I am runing 125 lbs pressor and I want to pipe about 40 feet. Can I use type1/2 or 3/4 m coper pipe?

Type "M" is not recommended for this. Yes for Tpe "L" or flexible Type "K". The latter two have much thicker walls. Remember, compressed gasses are different than "water pressure".

Definitely use the heavier copper (L). I would only use the flexible underground because it is hard to make it look straight hanging on the wall. Whether or not you should use 1/2" or 3/4" pipe? I would not expect the pipe size to be your limitation in obtaining maximum flow rate. But you should consider what flow rate is needed at the tools and what the compressor can supply. For 40', 1/2" pipe will give you about .63 gallons more air storage while 3/4" will give you about 1.11 gallons more storage. Again, probably not a consideration.

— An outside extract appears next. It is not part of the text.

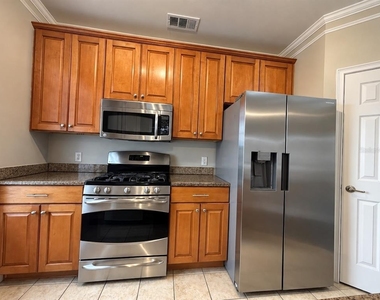 154 Tuskawilla Road - Photo Thumbnail 8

I used 1/2" throughout my workshop and have had no problems. (I am running 175# compressor). My neighbor used 1" steel throughout his.

I plumbed my shop with steel. In hindsight It would have been a lot easier to do it with copper.

The issues I ran into with black pipe were:

1) Sloppy tolerances in the fittings (which made sealing at 175 psi a chore)
2) Inability to control the angle of the fitting due to #1
3) Never having the exact length you need (and the store always being out of the size you do need :mad: )
With copper these issues are resolved.

Question for the crew: Is there a special solder needed for air / high pressure applications :confused:

David

Type "L" or "K" copper, make sure you put a moisture trap or stopcocks for moisture removal drains to drain out any moisture in the lines.

The moisture traps are a necessity. One other thing which was obvious once I heard it but never considered on my own is to make all of the outlet piping face up and have only the drain line facing down. By facing up, little to no moisture can accumulate in the lines.

Another good tip I got for commercial applications was to make the air line a large loop with valves spaced around around each outlet or group of outlets. This allows you to shut off air to a given section to work on it without shutting down the entire air supply.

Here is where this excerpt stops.